With 27.5-inch wheels and 5-inches of travel, the SB75 combines the best features of its siblings. It has the maneuverability of the 26-inch SB66 plus the shorter top tube and wheelbase of the SB95 29er, plus its ability to tip. As a result, the SB75 could be the most versatile of the three. It has some of the lowering force of the 66 and the climb efficiency of the 95. The unique Switch suspension, which has a pivot that changes the direction in which it turns as the bike moves along its travel, provides efficient pedaling and masterful shock absorption. The SB75 is available in five full versions, ranging from $ 2,900 to $ 6,900, or as a frame for $ 2,000.

Santa Cruz might be best known for its VPP suspension designs, but the company’s original bikes were single-pivot workhorses. They were simple but effective. That legacy lives on in the company’s three current single-pivot machines, including the Bantam. It features 27.5-inch wheels, 125mm of travel, and nearly identical geometry to the 5010, Santa Cruz’s VPP-equipped trail bike. Full builds start at $ 2,600; frames cost $ 1,300.

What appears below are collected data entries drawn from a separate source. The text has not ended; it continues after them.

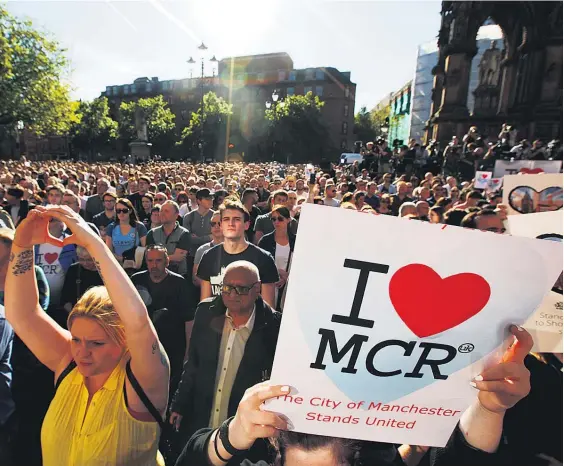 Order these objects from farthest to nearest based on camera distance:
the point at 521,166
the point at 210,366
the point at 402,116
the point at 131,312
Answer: the point at 402,116 < the point at 521,166 < the point at 210,366 < the point at 131,312

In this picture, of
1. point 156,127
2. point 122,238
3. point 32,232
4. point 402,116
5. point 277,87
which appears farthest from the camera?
point 277,87

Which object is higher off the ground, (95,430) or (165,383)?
(165,383)

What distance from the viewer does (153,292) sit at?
3328 millimetres

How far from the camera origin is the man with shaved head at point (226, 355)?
2.19 m

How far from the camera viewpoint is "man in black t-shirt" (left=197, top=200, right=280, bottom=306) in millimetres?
3469

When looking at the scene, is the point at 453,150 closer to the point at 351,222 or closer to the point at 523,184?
the point at 523,184

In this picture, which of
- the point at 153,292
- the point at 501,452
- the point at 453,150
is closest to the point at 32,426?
the point at 153,292

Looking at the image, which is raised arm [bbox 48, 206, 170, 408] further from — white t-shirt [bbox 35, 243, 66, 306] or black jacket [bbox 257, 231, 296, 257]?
black jacket [bbox 257, 231, 296, 257]

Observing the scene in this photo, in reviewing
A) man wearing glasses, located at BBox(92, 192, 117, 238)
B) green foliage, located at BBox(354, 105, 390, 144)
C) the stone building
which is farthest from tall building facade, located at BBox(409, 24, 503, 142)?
man wearing glasses, located at BBox(92, 192, 117, 238)

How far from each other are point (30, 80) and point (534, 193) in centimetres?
3004

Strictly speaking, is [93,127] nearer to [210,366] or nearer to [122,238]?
[122,238]

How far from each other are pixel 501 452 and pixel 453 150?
1781 centimetres

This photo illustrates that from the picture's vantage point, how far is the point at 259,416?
1298 millimetres

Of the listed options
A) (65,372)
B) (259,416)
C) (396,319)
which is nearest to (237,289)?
(65,372) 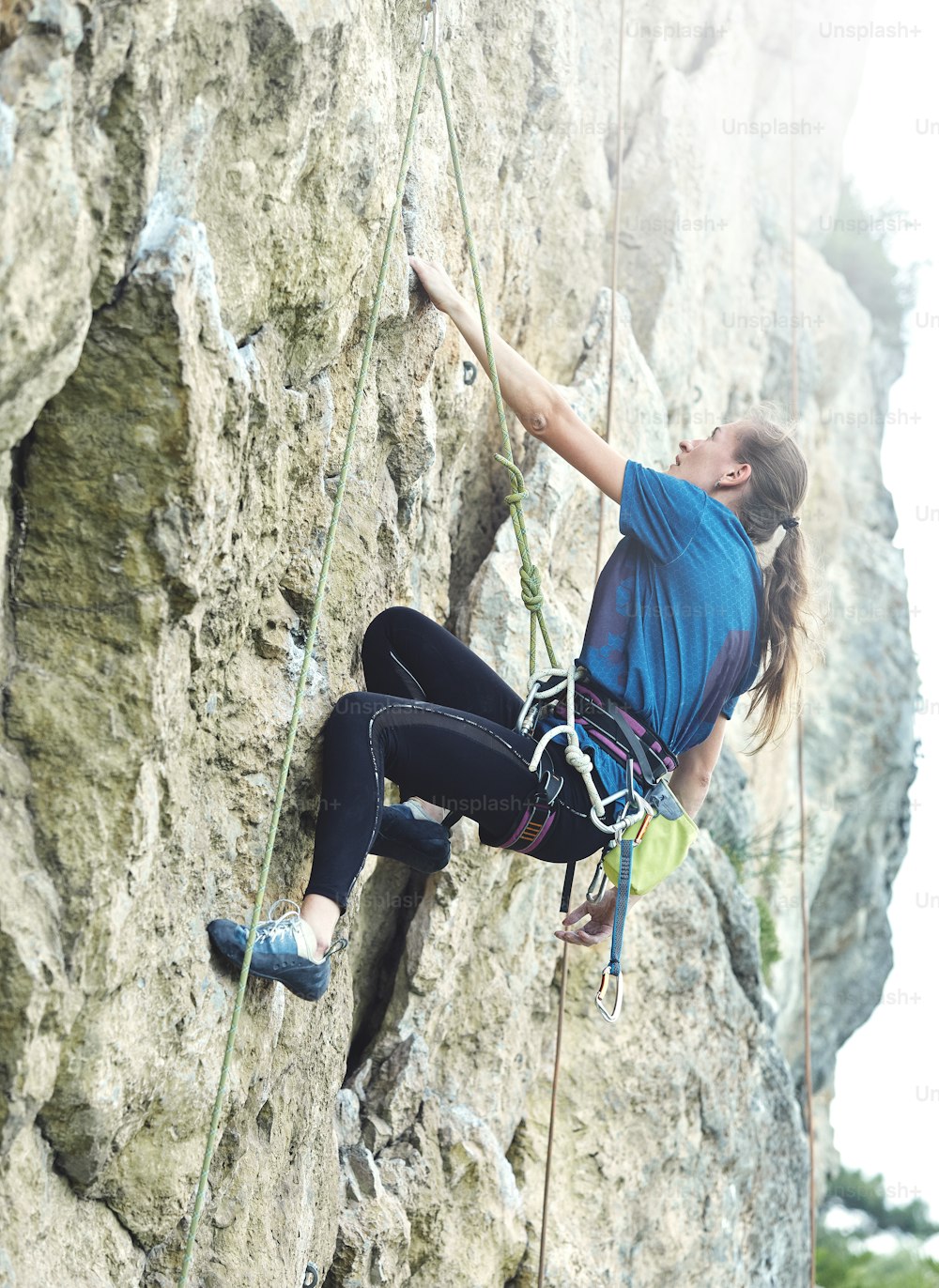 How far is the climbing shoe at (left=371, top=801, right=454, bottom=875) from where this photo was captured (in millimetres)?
3732

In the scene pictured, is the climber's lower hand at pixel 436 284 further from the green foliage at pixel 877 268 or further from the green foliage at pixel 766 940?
the green foliage at pixel 877 268

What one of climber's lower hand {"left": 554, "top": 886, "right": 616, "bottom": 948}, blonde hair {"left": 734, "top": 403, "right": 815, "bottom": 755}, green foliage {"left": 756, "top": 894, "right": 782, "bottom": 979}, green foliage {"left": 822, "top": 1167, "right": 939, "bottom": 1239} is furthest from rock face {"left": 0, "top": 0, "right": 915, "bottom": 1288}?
green foliage {"left": 822, "top": 1167, "right": 939, "bottom": 1239}

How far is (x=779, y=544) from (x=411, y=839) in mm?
1324

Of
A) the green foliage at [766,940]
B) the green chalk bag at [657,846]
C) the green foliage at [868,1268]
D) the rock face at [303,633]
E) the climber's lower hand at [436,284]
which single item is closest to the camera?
the rock face at [303,633]

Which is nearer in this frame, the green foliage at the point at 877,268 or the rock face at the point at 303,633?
the rock face at the point at 303,633

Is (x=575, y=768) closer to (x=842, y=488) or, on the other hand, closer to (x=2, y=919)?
(x=2, y=919)

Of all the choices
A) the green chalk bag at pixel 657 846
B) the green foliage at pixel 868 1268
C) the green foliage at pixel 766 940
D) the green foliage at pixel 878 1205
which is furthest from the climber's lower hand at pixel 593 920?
the green foliage at pixel 878 1205

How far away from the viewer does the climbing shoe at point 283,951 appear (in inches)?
Answer: 119

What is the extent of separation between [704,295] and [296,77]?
620 centimetres

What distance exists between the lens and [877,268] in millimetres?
14664

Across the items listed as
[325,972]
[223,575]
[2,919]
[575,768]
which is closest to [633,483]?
[575,768]

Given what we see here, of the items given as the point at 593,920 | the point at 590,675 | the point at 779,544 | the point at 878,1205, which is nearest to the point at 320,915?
the point at 590,675

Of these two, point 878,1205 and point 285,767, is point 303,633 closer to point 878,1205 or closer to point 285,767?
point 285,767

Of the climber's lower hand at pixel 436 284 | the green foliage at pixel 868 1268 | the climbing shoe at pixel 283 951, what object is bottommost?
the climbing shoe at pixel 283 951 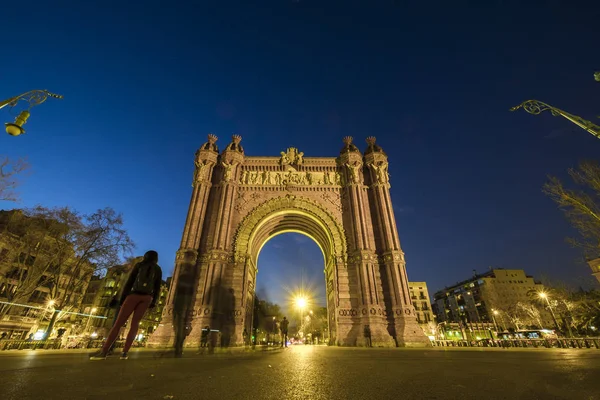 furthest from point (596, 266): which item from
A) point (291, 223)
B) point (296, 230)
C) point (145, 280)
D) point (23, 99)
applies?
point (23, 99)

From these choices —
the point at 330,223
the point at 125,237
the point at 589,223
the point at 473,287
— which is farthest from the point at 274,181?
the point at 473,287

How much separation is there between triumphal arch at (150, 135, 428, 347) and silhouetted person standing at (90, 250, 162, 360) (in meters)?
11.7

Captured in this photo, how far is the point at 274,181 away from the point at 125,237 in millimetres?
15823

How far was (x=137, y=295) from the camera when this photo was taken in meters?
5.18

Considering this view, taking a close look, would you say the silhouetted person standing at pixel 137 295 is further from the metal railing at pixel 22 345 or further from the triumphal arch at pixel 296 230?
the metal railing at pixel 22 345

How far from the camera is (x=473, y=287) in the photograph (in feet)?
281

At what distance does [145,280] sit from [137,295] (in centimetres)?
31

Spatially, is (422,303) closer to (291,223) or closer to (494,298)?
(494,298)

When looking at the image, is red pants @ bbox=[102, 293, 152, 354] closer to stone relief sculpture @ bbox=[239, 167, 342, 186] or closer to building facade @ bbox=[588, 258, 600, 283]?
stone relief sculpture @ bbox=[239, 167, 342, 186]

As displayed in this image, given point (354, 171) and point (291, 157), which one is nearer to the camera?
point (354, 171)

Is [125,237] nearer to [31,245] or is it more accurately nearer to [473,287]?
[31,245]

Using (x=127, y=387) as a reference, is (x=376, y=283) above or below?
above

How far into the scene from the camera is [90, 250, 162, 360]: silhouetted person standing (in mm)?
5188

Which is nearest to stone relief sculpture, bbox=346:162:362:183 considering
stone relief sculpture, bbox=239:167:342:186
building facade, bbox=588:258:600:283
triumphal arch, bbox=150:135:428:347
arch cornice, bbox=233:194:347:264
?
triumphal arch, bbox=150:135:428:347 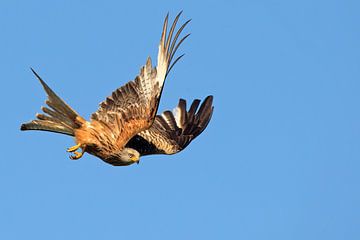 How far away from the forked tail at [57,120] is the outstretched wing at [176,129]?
2874 millimetres

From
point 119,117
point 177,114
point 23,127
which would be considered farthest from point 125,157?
point 177,114

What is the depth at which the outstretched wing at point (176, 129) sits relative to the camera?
1542 centimetres

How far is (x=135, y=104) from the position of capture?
1291cm

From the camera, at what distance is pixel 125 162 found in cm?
1266

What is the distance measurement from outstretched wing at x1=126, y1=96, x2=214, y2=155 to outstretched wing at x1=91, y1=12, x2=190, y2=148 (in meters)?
2.31

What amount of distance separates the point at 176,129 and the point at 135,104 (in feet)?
12.4

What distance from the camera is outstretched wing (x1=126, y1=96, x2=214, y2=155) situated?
15.4 meters

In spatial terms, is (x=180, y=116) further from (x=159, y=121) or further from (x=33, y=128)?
(x=33, y=128)

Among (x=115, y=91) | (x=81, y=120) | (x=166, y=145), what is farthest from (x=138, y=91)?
(x=166, y=145)

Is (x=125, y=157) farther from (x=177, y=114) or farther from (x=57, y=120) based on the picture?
(x=177, y=114)

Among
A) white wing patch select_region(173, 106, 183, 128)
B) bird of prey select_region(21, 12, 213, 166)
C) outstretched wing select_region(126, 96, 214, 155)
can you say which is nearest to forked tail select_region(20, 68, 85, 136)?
bird of prey select_region(21, 12, 213, 166)

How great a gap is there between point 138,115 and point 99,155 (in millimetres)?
1037

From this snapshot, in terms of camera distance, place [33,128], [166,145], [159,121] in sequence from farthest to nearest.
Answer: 1. [159,121]
2. [166,145]
3. [33,128]

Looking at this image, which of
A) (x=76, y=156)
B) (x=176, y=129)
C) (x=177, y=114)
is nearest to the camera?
(x=76, y=156) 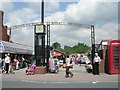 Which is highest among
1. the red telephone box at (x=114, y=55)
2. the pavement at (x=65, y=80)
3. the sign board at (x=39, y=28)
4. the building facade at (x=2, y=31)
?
the building facade at (x=2, y=31)

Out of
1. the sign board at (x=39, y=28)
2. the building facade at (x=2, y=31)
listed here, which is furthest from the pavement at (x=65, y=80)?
the building facade at (x=2, y=31)

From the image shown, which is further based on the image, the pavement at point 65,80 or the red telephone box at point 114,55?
the red telephone box at point 114,55

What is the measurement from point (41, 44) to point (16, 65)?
318 inches

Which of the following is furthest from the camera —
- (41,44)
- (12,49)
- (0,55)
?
(12,49)

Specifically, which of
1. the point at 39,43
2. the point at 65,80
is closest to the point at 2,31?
the point at 39,43

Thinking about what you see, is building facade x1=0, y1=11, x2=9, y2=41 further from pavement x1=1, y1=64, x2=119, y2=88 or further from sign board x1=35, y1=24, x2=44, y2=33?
pavement x1=1, y1=64, x2=119, y2=88

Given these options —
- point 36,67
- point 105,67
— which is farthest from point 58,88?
point 105,67

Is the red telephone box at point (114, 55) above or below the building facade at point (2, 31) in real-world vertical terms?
below

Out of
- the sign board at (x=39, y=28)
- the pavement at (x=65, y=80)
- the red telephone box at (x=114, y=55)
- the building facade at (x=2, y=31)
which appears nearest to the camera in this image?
the pavement at (x=65, y=80)

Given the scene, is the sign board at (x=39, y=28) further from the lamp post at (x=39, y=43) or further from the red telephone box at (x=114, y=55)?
the red telephone box at (x=114, y=55)

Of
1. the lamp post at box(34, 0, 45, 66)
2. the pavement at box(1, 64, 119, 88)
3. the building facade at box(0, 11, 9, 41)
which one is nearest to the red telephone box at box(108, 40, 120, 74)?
the pavement at box(1, 64, 119, 88)

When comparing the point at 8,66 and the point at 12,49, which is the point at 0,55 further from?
the point at 8,66

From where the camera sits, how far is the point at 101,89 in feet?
45.7

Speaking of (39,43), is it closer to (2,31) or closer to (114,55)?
(114,55) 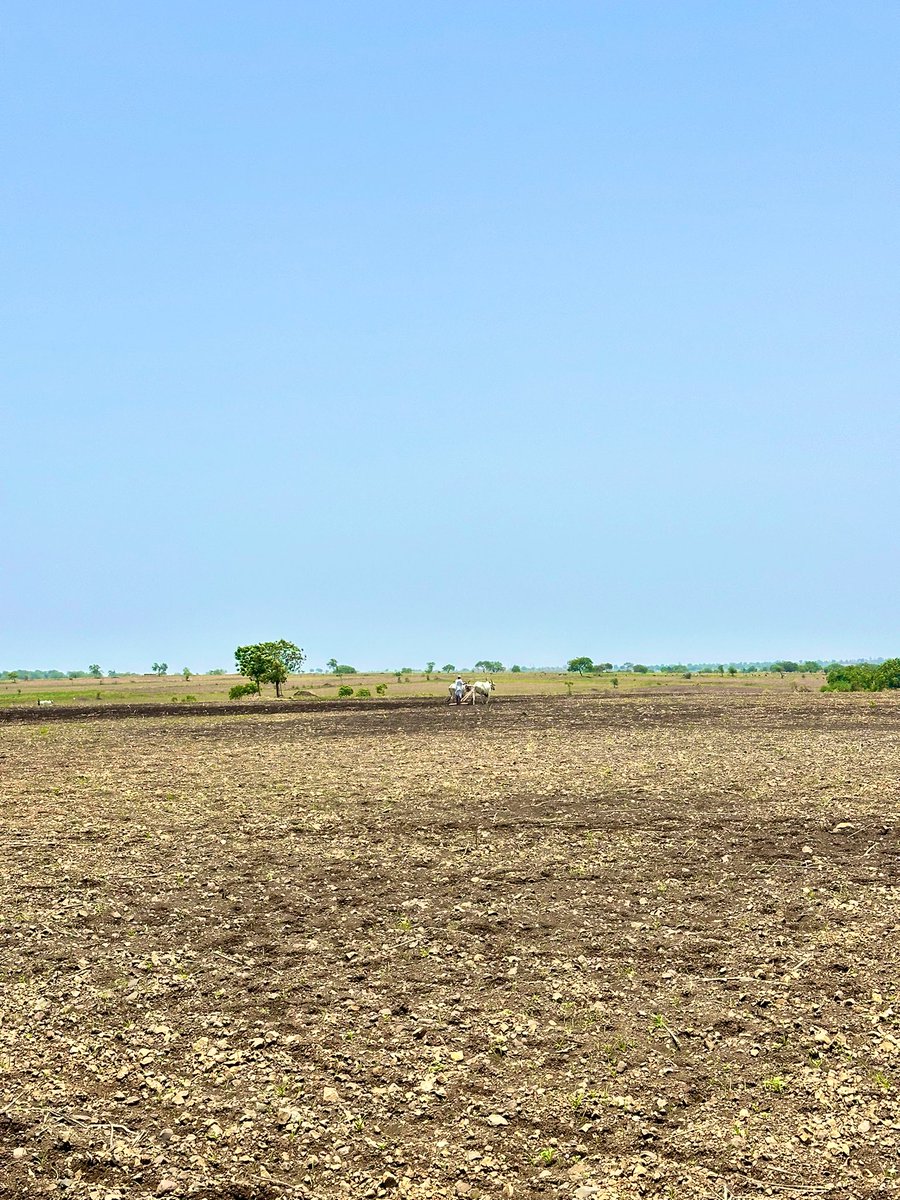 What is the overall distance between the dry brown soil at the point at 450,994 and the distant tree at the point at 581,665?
16296 cm

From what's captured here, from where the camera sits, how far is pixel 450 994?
10.2 meters

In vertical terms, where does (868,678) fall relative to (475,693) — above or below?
below

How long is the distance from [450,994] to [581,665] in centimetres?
17678

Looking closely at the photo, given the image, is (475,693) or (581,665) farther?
(581,665)

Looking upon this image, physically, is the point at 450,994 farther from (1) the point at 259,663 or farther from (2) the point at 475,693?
(1) the point at 259,663

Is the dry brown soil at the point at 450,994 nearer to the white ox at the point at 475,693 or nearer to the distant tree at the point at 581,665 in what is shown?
the white ox at the point at 475,693

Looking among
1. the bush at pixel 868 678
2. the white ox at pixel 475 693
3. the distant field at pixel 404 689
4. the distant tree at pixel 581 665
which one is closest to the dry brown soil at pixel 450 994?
the white ox at pixel 475 693

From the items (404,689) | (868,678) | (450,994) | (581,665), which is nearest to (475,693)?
(868,678)

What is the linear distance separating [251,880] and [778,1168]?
8423 mm

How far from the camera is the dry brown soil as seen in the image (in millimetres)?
7902

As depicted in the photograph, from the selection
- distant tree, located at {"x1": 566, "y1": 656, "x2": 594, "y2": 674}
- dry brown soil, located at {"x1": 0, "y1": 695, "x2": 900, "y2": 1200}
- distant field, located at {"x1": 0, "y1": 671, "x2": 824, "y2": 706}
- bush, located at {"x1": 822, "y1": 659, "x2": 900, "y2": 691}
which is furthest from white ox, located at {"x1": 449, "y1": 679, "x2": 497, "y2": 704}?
distant tree, located at {"x1": 566, "y1": 656, "x2": 594, "y2": 674}

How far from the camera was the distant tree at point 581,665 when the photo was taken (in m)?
181

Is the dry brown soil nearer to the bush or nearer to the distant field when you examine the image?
the distant field

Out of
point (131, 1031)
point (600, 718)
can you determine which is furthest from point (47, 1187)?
point (600, 718) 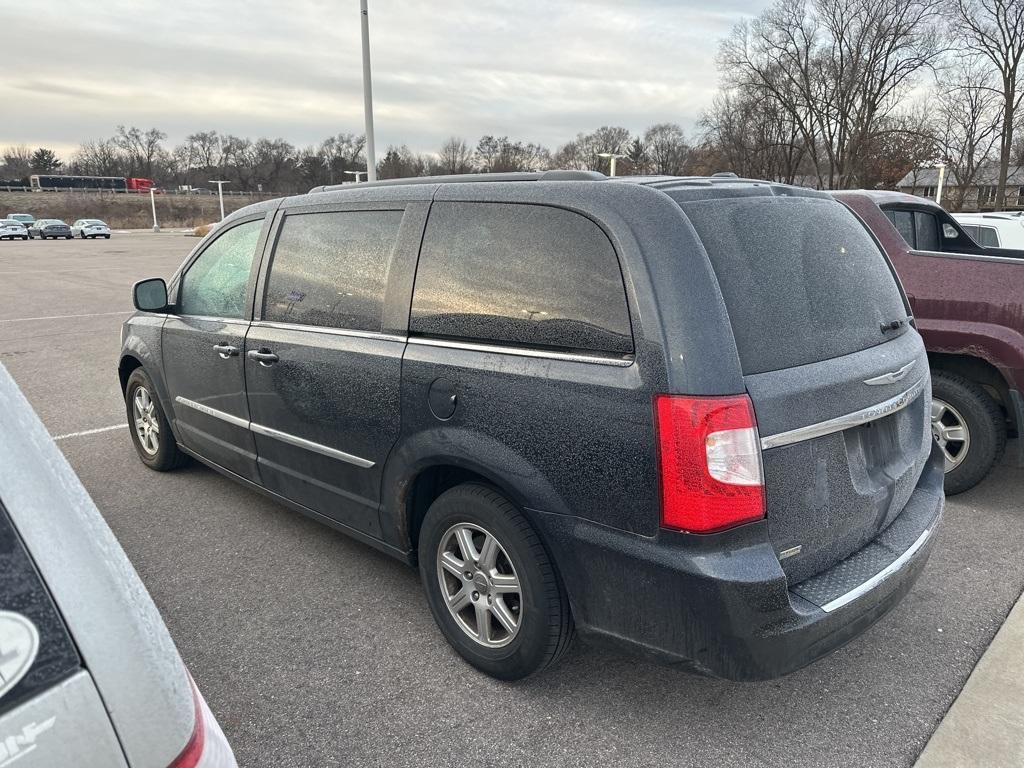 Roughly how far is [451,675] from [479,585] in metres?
0.40

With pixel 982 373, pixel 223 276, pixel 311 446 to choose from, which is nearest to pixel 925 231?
pixel 982 373

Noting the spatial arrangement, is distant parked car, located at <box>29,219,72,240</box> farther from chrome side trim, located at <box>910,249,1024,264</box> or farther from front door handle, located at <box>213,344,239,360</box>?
chrome side trim, located at <box>910,249,1024,264</box>

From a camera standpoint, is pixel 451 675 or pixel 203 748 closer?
pixel 203 748

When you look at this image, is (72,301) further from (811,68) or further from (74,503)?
(811,68)

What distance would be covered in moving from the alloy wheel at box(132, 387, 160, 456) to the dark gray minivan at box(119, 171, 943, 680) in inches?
78.3

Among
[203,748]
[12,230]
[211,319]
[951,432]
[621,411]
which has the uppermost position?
[12,230]

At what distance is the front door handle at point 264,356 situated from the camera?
3.52 meters

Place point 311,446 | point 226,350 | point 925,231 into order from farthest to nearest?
point 925,231 < point 226,350 < point 311,446

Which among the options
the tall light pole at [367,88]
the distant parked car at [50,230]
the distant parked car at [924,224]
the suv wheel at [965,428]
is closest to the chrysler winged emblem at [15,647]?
the suv wheel at [965,428]

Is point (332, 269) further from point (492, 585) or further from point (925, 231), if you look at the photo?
point (925, 231)

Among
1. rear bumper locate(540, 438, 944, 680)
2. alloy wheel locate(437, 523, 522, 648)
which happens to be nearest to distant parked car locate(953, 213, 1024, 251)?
rear bumper locate(540, 438, 944, 680)

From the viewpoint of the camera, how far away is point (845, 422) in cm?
241

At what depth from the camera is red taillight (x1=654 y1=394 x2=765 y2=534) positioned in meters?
2.12

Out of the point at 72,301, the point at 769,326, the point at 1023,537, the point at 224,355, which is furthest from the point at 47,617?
the point at 72,301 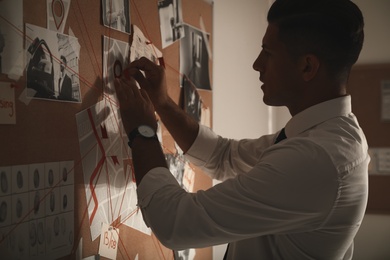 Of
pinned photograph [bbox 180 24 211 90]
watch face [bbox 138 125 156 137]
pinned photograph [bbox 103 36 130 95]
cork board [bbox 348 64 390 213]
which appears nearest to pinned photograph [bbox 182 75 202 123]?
pinned photograph [bbox 180 24 211 90]

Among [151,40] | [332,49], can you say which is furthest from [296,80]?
[151,40]

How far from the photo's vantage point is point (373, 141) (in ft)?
7.73

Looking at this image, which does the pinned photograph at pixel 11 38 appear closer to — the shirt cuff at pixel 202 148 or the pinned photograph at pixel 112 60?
the pinned photograph at pixel 112 60

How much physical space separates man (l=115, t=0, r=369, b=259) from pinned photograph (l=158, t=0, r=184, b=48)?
0.20 meters

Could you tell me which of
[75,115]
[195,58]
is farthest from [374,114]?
[75,115]

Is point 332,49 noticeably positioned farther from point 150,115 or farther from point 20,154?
point 20,154

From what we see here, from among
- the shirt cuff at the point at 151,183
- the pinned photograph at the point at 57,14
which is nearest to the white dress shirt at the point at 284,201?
the shirt cuff at the point at 151,183

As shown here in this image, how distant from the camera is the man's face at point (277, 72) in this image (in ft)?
3.33

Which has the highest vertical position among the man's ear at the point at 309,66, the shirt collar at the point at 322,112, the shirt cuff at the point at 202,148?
the man's ear at the point at 309,66

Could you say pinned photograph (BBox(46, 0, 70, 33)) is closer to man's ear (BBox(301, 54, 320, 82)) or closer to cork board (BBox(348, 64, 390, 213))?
man's ear (BBox(301, 54, 320, 82))

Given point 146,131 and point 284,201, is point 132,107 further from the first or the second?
point 284,201

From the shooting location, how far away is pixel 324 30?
962 millimetres

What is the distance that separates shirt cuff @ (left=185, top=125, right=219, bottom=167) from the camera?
1255 mm

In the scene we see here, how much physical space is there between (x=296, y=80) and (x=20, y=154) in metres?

Trek’s venerable Remedy was first developed as a 26-inch trail bike, but now it only comes in either 29-inch or 27.5-inch versions. That’s not a bad thing: the increased rollover capacity is remarkable, and the 140mm travel bikes still come with plenty of Trek tech: DRCV shocks have a secondary air chamber to better absorb big bumps; Full Floater suspension design mounts the shock between two moving links to improve responsiveness; and the active brake pivot, which rotates concentrically around the rear axle, reduces the impact of braking forces on the suspension. Each wheel size has its advantage, but on this bike we prefer the added maneuverability of option 27.5. Prices start at $ 2,800 for the Remedy 7 and peak at $ 8,300 for the 9.9.

The Trance SX 27.5 is made for enduro racing. It features the same 5.5-inch travel Maestro suspension as other Trance models, but comes with a 1×10 drivetrain (with MRP chain guide), heavy-duty Schwalbe Hans Dampf Evo and Razor Rock Evo tires, and a Fox 34 TALAS fork. 160mm CTD giving the bike a 66 degree head tube angle. As the parts show, the SX is more downward-facing than typical Trance, but can still pedal to the top of a hill without dropping a lung. The aluminum SX is available for $ 4,050; the Carbon Advanced SX adds $ 2,400 to the price.